DATA PROVIDED:

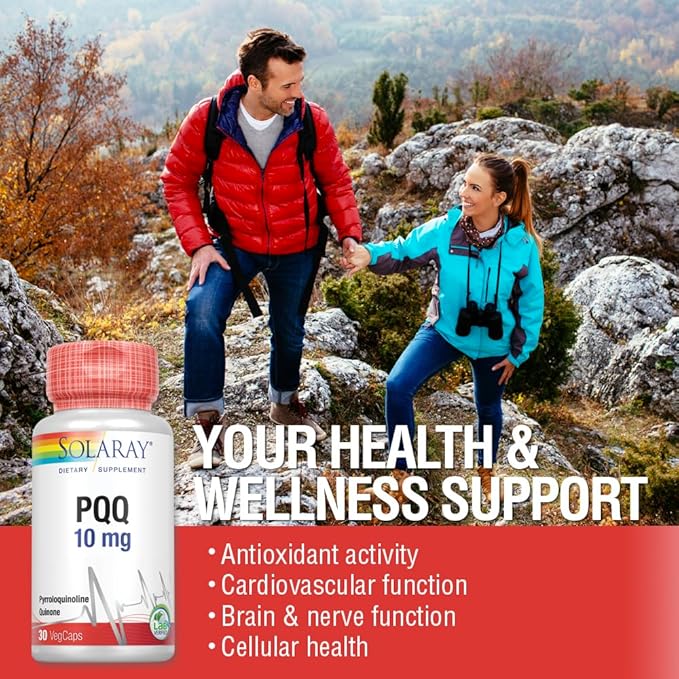 SOLARAY PQQ 10 mg, Pyrroloquinoline Quinone Supplement, Cellular, Heart & Cognitive Function Support, 30 VegCaps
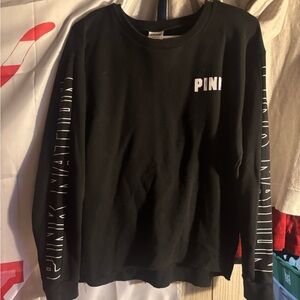 VS PINK BLACK CREWNECK, says PINK NATION on the arms!!!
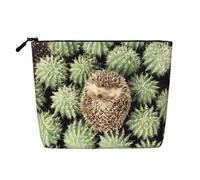 Neceser de viaje de una sola capa con estampado de perros labrador, adecuado para viajes de negocios y uso diario., Cactus erizos, Talla única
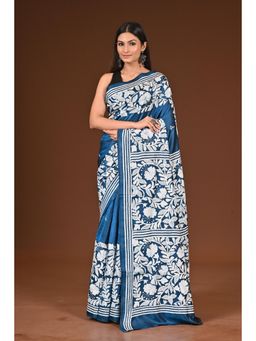 Ramshyam Collection - Womens Kantha Silk Embroidered Thread Work Blue Saree with Unstitched Blouse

EXERCISE REQUIREMENTS: From the first line to the last, transcribe the listing exactly; skip the pictures.

RESPONSE TO THIS EXERCISE:
 SOLARAY PQQ 10 mg, Pyrroloquinoline Quinone Supplement, Cellular, Heart & Cognitive Function Support, 30 VegCaps
 VS PINK BLACK CREWNECK, says PINK NATION on the arms!!!
 Neceser de viaje de una sola capa con estampado de perros labrador, adecuado para viajes de negocios y uso diario., Cactus erizos, Talla única
 Ramshyam Collection - Womens Kantha Silk Embroidered Thread Work Blue Saree with Unstitched Blouse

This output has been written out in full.